Du sagtest, Du wärest in Not wegen des Materials für das Abendblatt. Ich wußte etwas, was sich hoch lohnen würde: Für den Bildhauer Bilek schreiben. Darüber nächstens. Das Husdenkmal in Kolin kennst Du doch? Hat es auf Dich auch einen so ausschließlichen großen Eindruck gemacht



Quelle: Franz Kafka ; Max Brod: Eine Freundschaft (II). Briefwechsel.

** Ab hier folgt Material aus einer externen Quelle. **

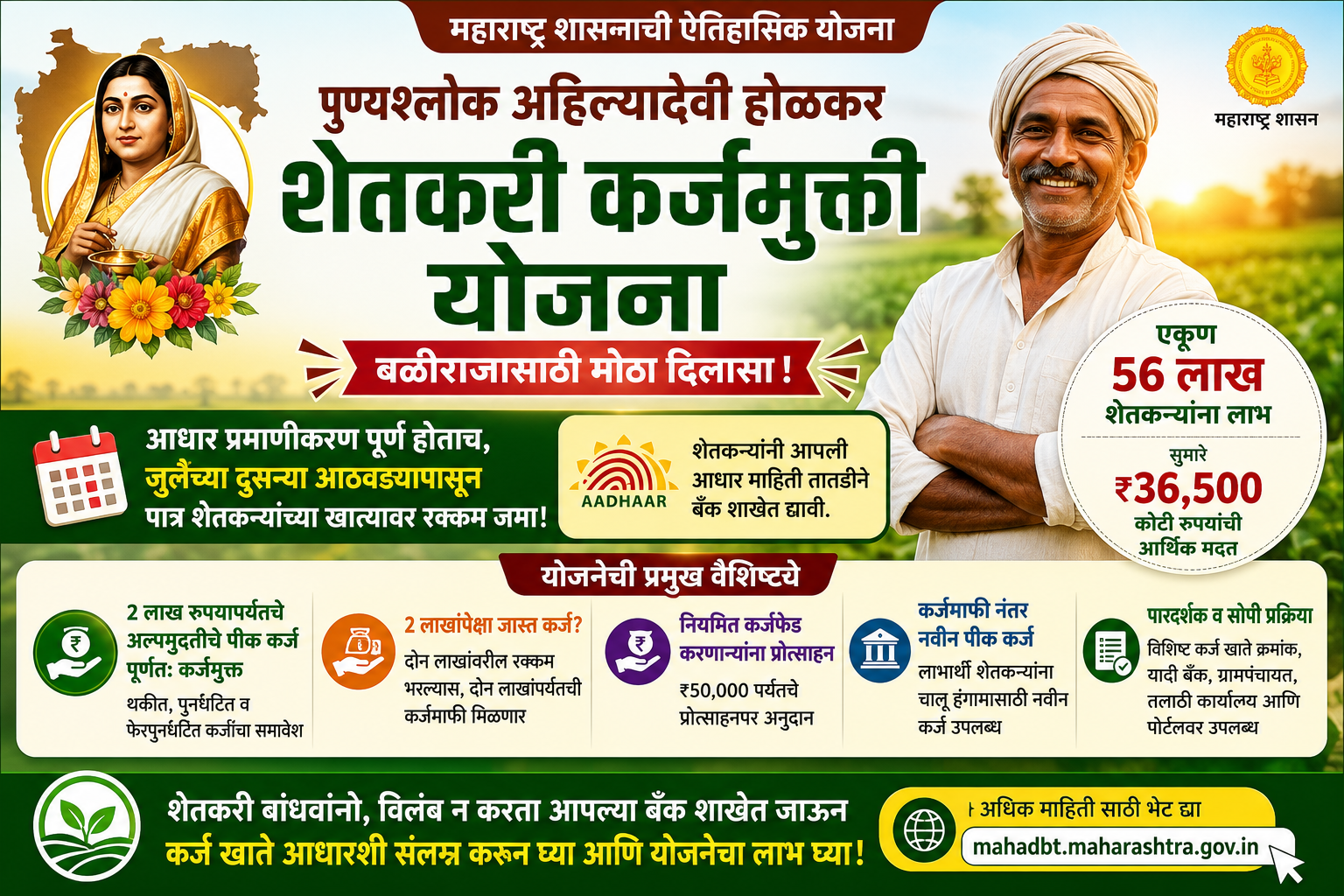 Farm Loan Waiver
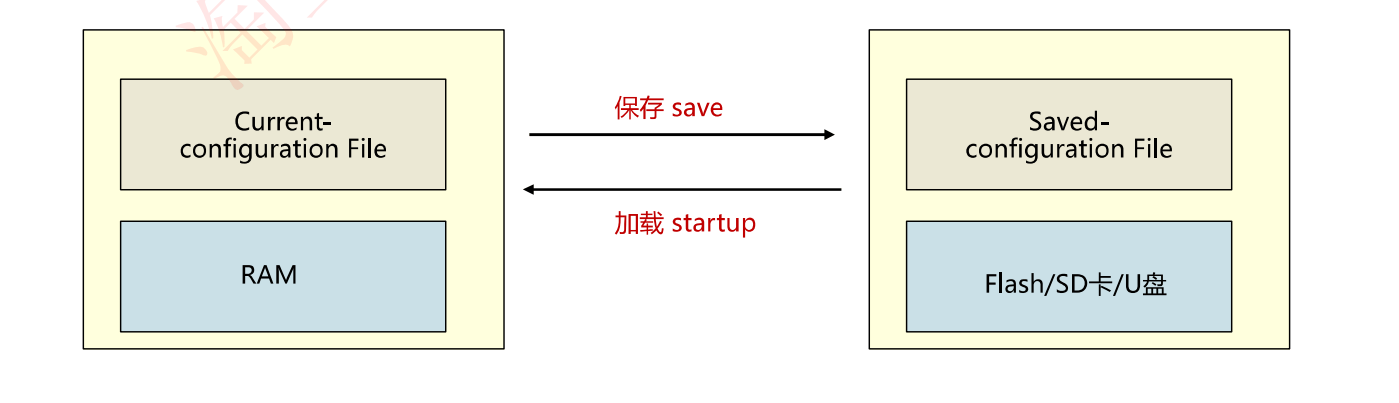 image-20231003002139015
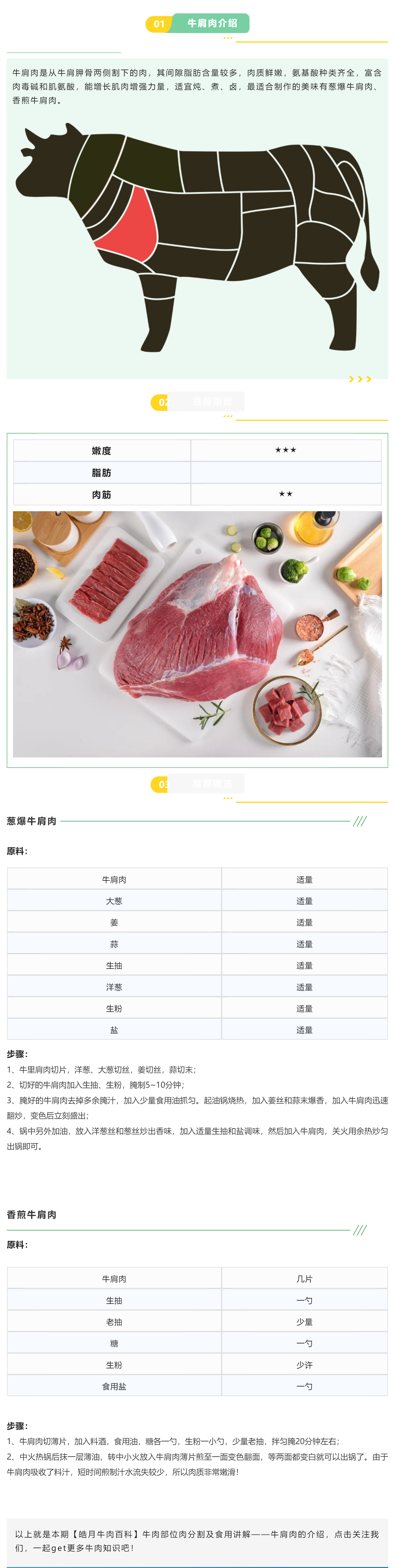 【海角社区
牛肉百科】第2期牛肉部位肉分割及食用讲解——牛肩肉_美编助手.png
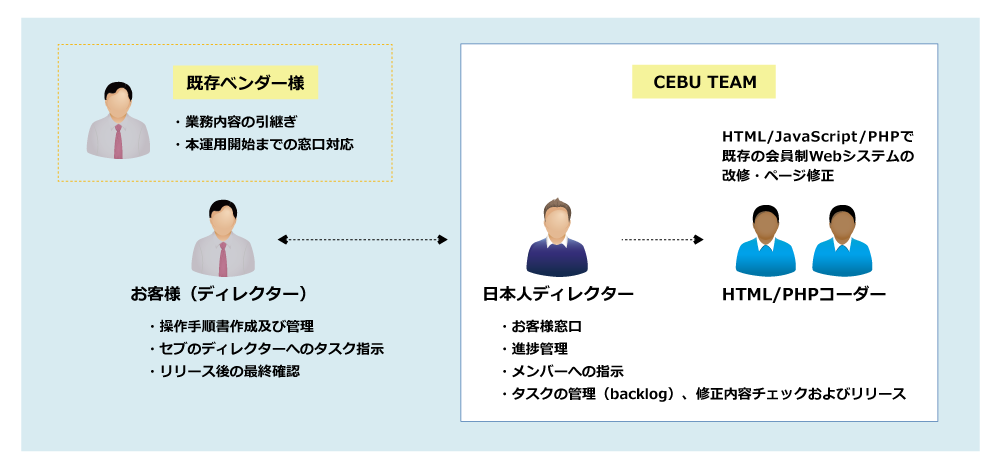 川村義肢株式会社様、パシフィックサプライ株式会社様 会員制Webサイト運用保守業務概要図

Hrsg. von Malcolm Pasley. Frankfurt am Main 1989.


wegzukommen: Kafka war vom 14. bis zum 19. Juli nach Prag gekommen, weil sein Vater operiert werden mußte.


mein Heft: Das zweite Manuskriptheft des "Schloß"-Romans (siehe 389 KKAS Apparatband 38-42).


Deiner Novelle: "Leben mit einer Göttin". Siehe Anm.11 oben.


in diesen Erinnerungen: Theodor Storm, "Meine Erinnerungen an Eduard Mörike", Gesammelte Schriften, Erste Gesammtausgabe, Bd. 8, Braunschweig: G. Westermann 1877.